WORK REQUIRED: In the entries below, find the line with "Estátua do Duque" and the line with "Frame Company Large", then retype both and everything between them exactly. Do not copy the pictures.

PROVIDED RECORDS:

------------------------

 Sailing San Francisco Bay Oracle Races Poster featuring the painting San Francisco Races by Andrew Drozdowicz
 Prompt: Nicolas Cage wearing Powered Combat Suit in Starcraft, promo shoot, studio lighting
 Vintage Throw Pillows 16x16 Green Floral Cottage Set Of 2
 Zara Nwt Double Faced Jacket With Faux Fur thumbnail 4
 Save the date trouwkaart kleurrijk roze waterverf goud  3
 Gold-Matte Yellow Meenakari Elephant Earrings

------------------------

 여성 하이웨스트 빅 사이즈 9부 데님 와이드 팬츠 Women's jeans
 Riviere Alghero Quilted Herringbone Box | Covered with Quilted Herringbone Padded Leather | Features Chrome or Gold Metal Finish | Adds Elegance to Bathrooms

------------------------

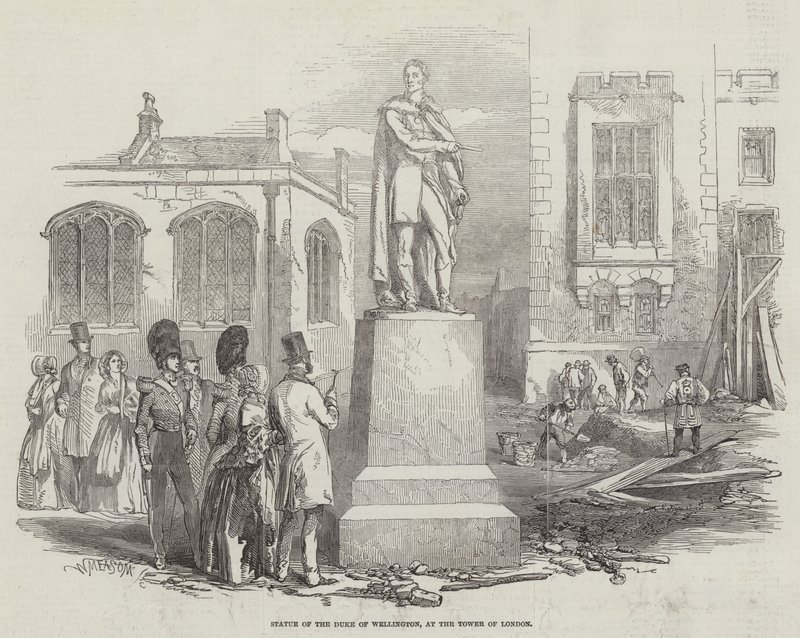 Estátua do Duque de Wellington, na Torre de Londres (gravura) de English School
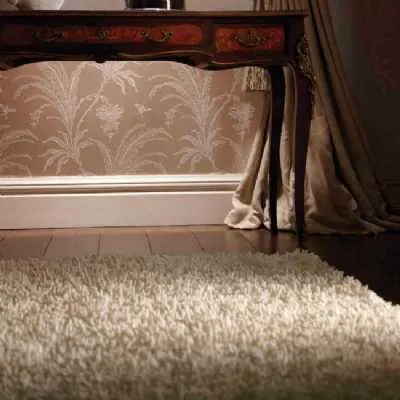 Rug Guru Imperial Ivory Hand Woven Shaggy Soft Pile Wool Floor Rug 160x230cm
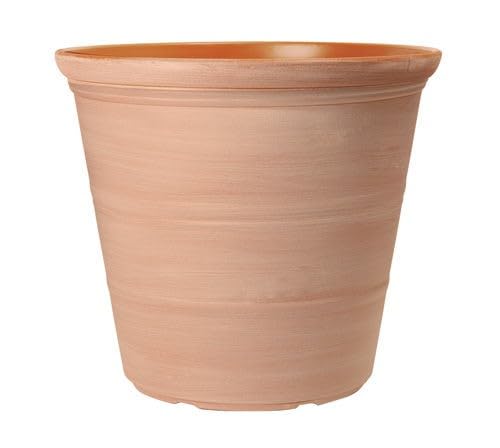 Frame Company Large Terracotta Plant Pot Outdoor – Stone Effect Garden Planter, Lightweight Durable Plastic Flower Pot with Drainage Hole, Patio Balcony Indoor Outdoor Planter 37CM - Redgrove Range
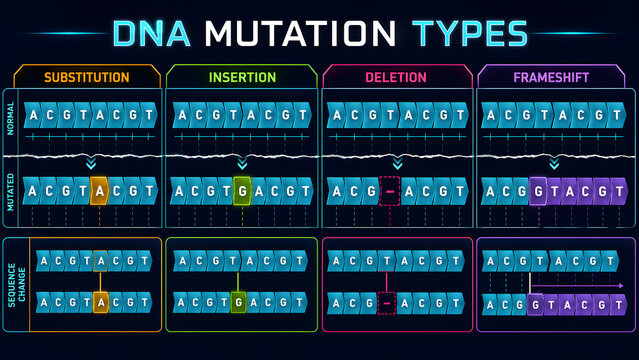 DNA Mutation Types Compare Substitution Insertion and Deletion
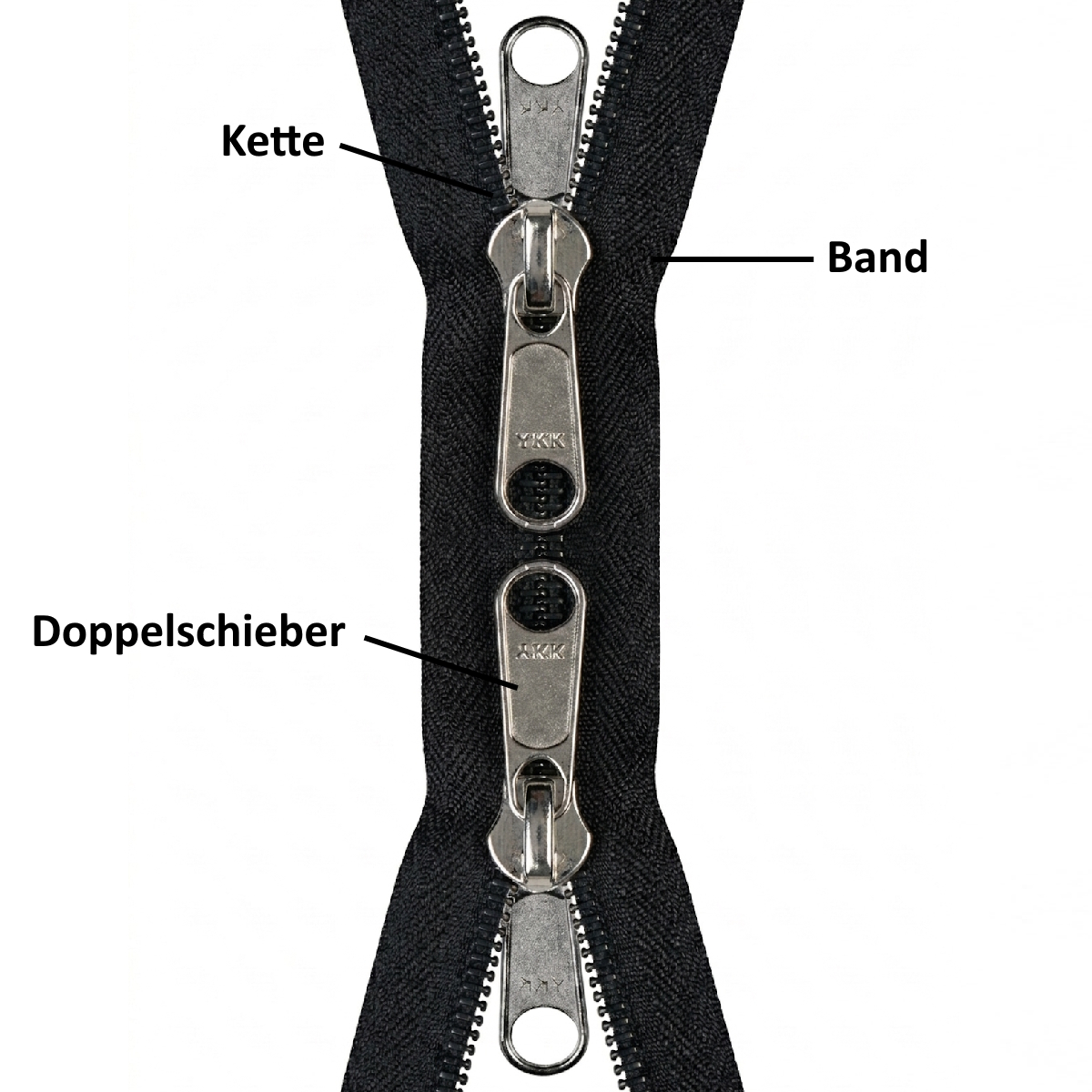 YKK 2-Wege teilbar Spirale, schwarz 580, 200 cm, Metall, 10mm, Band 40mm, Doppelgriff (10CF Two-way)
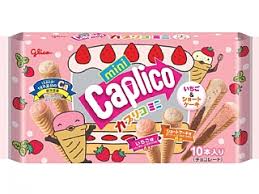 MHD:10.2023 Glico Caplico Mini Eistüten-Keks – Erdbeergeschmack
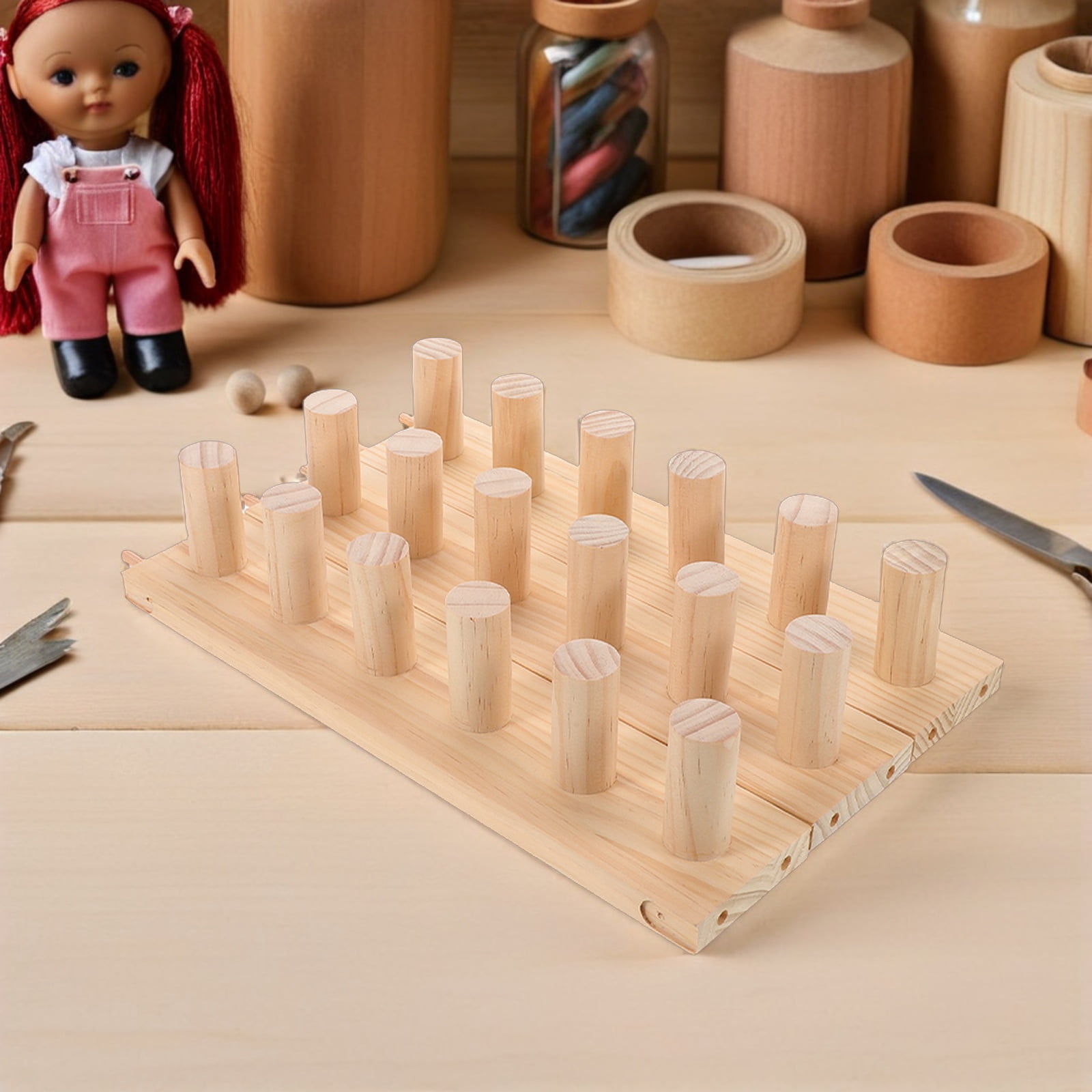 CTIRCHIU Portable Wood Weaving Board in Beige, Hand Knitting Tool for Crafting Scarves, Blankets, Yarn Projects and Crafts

------------------------

RESULT OF THE TASK:
 Estátua do Duque de Wellington, na Torre de Londres (gravura) de English School
 Rug Guru Imperial Ivory Hand Woven Shaggy Soft Pile Wool Floor Rug 160x230cm
 Frame Company Large Terracotta Plant Pot Outdoor – Stone Effect Garden Planter, Lightweight Durable Plastic Flower Pot with Drainage Hole, Patio Balcony Indoor Outdoor Planter 37CM - Redgrove Range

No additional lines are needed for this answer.